Task directions: What you return should be every line below, word for word, and none of the images.

Dataset content:
▼
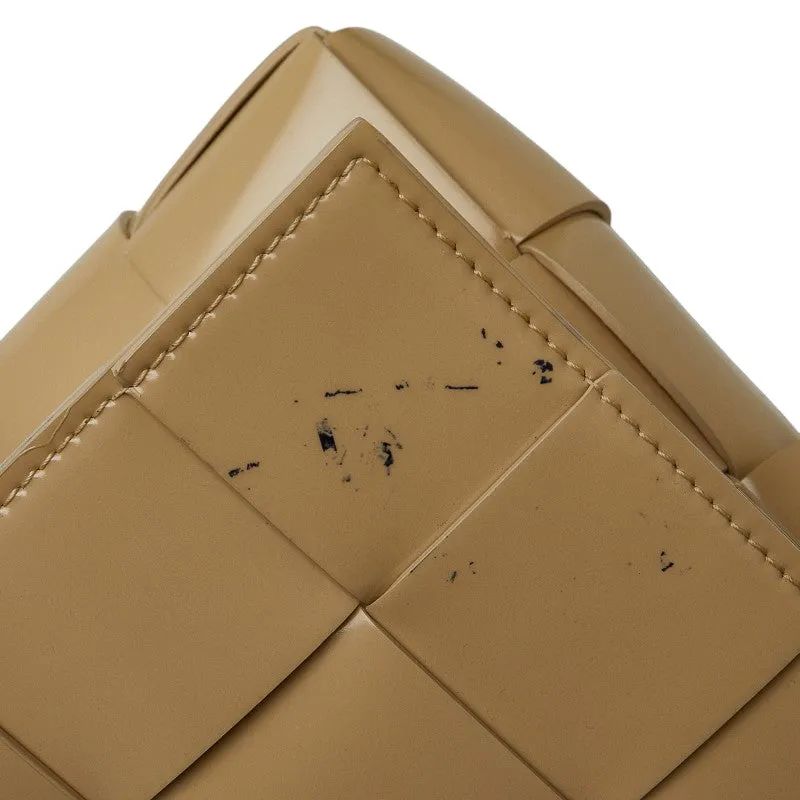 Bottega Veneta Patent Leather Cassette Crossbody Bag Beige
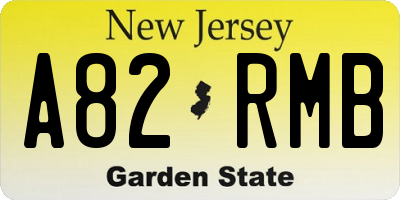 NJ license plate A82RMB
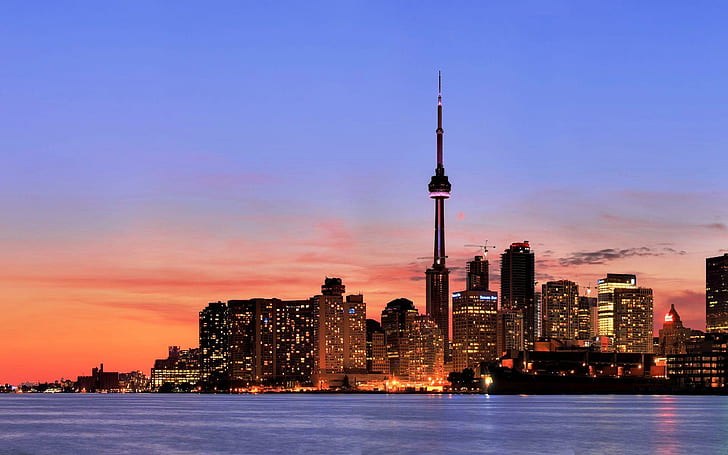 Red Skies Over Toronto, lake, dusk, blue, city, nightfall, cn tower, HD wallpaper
▲
Solution to the problem:
 Bottega Veneta Patent Leather Cassette Crossbody Bag Beige
 NJ license plate A82RMB
 Red Skies Over Toronto, lake, dusk, blue, city, nightfall, cn tower, HD wallpaper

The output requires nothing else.